The rate of reduction in the gas level can be used to determine
whether the fire sensing device 300 requires maintenance.
Maintenance can include cleaning the fire sensing device 300 so
that air is able to enter the fire sensing device 300 and reach the
gas sensor 314.
In some examples, the fire sensing device 300 can generate a
message if the device requires maintenance (e.g., if the difference
between the measured rate and the baseline rate is greater than a
threshold value). The fire sensing device 300 can send the message
to a monitoring device and/or a mobile device, for example. As an
additional example, the fire sensing device 300 can include a user
interface that can display the message.
The variable airflow generator 316 can control the airflow through
the fire sensing device 300, including the optical scatter chamber
304. For example, the variable airflow generator 316 can move gases
and/or aerosol from a first end of the fire sensing device 300 to a
second end of the fire sensing device 300. In some examples, the
variable airflow generator 316 can be a fan. The variable airflow
generator 316 can start responsive to the adjustable particle
generator 302, the heat source 319, and/or the gas source 312
starting. The variable airflow generator 316 can stop responsive to
the adjustable particle generator 302, the heat source 319, and/or
the gas source 312 stopping, and/or the variable airflow generator
316 can stop after a particular period of time after the adjustable
particle generator 302, the heat source 319, and/or the gas source
312 has stopped.
FIG. 4 illustrates a block diagram of a self-test function of a
system 420 in accordance with an embodiment of the present
disclosure. The system 420 can include a fire sensing device 400, a
monitoring device 401, a computing device 430, a sensor 432, and a
heating, ventilation, and air conditioning (HVAC) system 434. Fire
sensing device 400 can be, for example, fire sensing device 100,
200, and/or 300 previously described in connection with FIGS. 1, 2,
and 3, respectively.
The fire sensing device 400 can include a user interface 440. The
user interface 440 can be a graphical user interface (GUI) that can
provide and/or receive information to and/or from the user, the
monitoring device 401, and/or the computing device 430. In some
examples, the user interface 440 can display a message. The message
can be displayed responsive to determining the fire sensing device
400 requires maintenance, for example.
The monitoring device 401 can be a control panel, a fire detection
control system, and/or a cloud computing device of a fire alarm
system. The monitoring device 401 can be configured to send
commands to and/or receive test results from a fire sensing device
400 via a wired or wireless network.
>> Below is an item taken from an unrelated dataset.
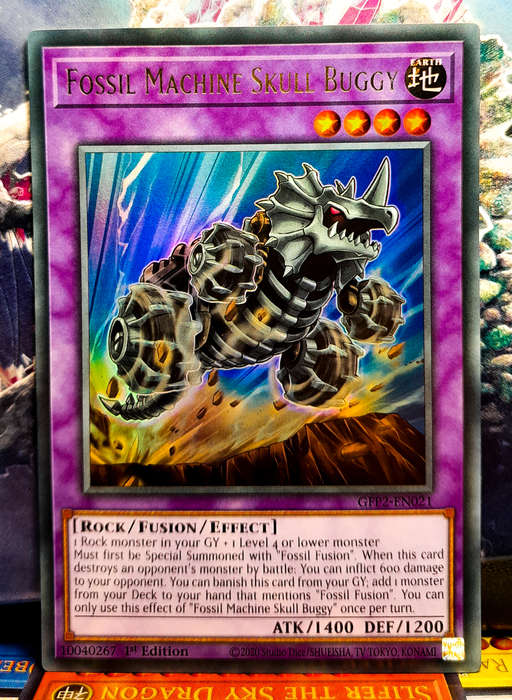Yu-Gi-Oh! Card - Fossil Machine Skull Buggy - 1st Edition  - Ultra Rare Holo - GFP2-EN021 - NM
For example, the fire sensing
device 400 can transmit (e.g., send) the monitoring device 401 a
message responsive to the fire sensing device 400 determining that
the fire sensing device 400 requires maintenance and/or the fire
sensing device 400 can send the monitoring device 401 a determined
date when the fire sensing device 400 will reach a particular rate
at which aerosol density level will decrease.
The monitoring device 401 can receive messages from a number of
fire sensing devices analogous to fire sensing device 400. For
example, the monitoring device 401 can receive a determined date
from each of a number of fire sensing devices analogous to fire
sensing device 400 and create a maintenance schedule based on the
determined dates from each of the number of fire sensing
devices.
In a number of embodiments, the monitoring device 401 can include a
user interface 436. The user interface 436 can be a GUI that can
provide and/or receive information to and/or from a user and/or the
fire sensing device 400. The user interface 436 can display
messages and/or data received from the fire sensing device 400. For
example, the user interface 436 can notify a user of the date when
the fire sensing device 400 will reach a particular rate of
reduction by displaying the determined date on the user interface
436 and/or can display a message that fire sensing device 400
requires maintenance.
In a number of embodiments, computing device 430 can receive the
message and/or determined date from fire sensing device 400 and/or
monitoring device 401 via a wired or wireless network. For example,
the monitoring device 401 can notify a user at the computing device
430 responsive to the determined date being within a particular
time period. The computing device 430 can be a personal laptop
computer, a desktop computer, a mobile device such as a smart
phone, a tablet, a wrist-worn device, and/or redundant combinations
thereof, among other types of computing devices.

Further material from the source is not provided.